GIVEN INFORMATION
_ _ _ _ _
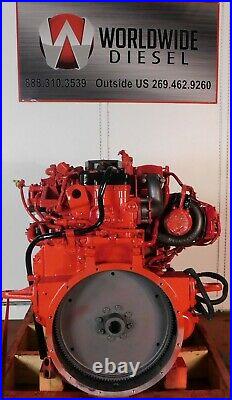 2013 Cummins ISB 6.7 Diesel Engine, 260HP, Approx. 89K Miles. All Complete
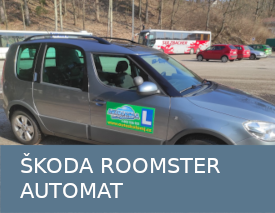 Škoda Roomster - automat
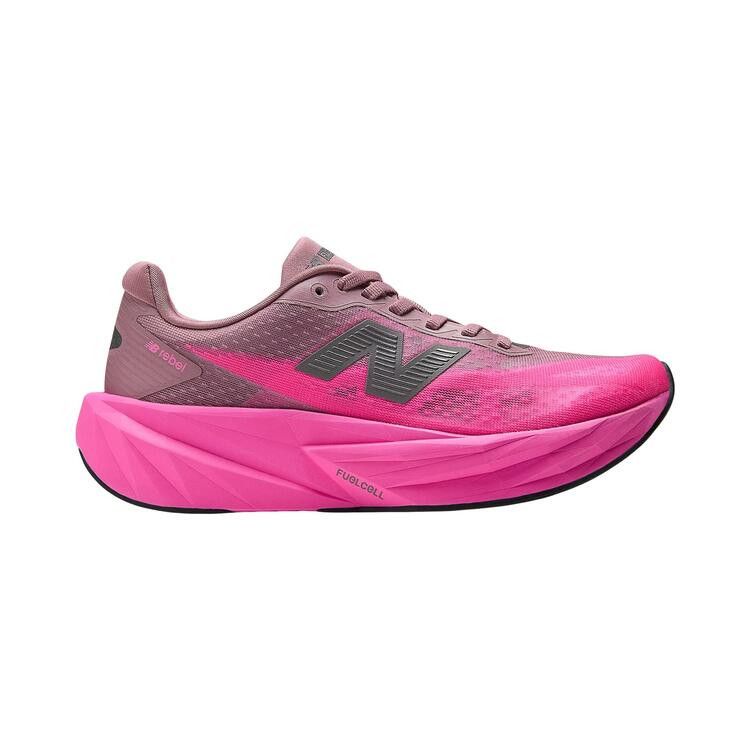 New Balance FuelCell Rebel v5 Pink Heat Rosewood — foto 2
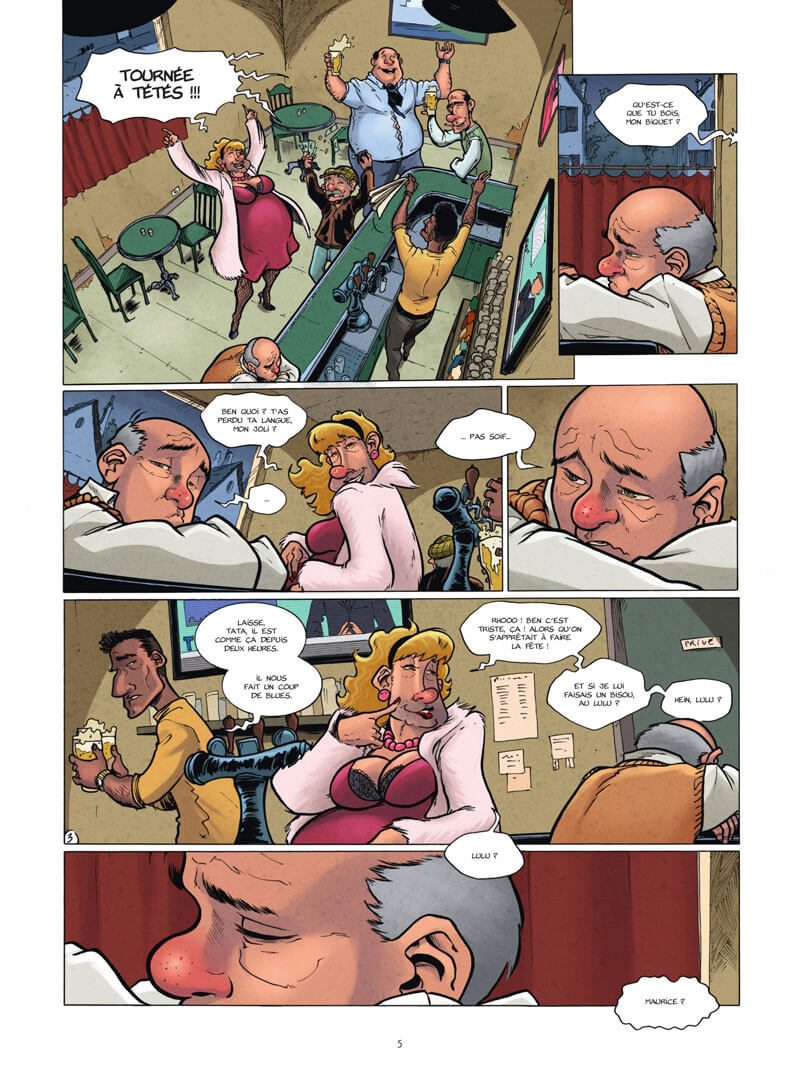 Père, ce poivrot (Mon) - Extrait 1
_ _ _ _ _
WHAT TO DO
All of the material above is to be copied exactly, except for its images.

ANSWER SECTION
 2013 Cummins ISB 6.7 Diesel Engine, 260HP, Approx. 89K Miles. All Complete
 Škoda Roomster - automat
 New Balance FuelCell Rebel v5 Pink Heat Rosewood — foto 2
 Père, ce poivrot (Mon) - Extrait 1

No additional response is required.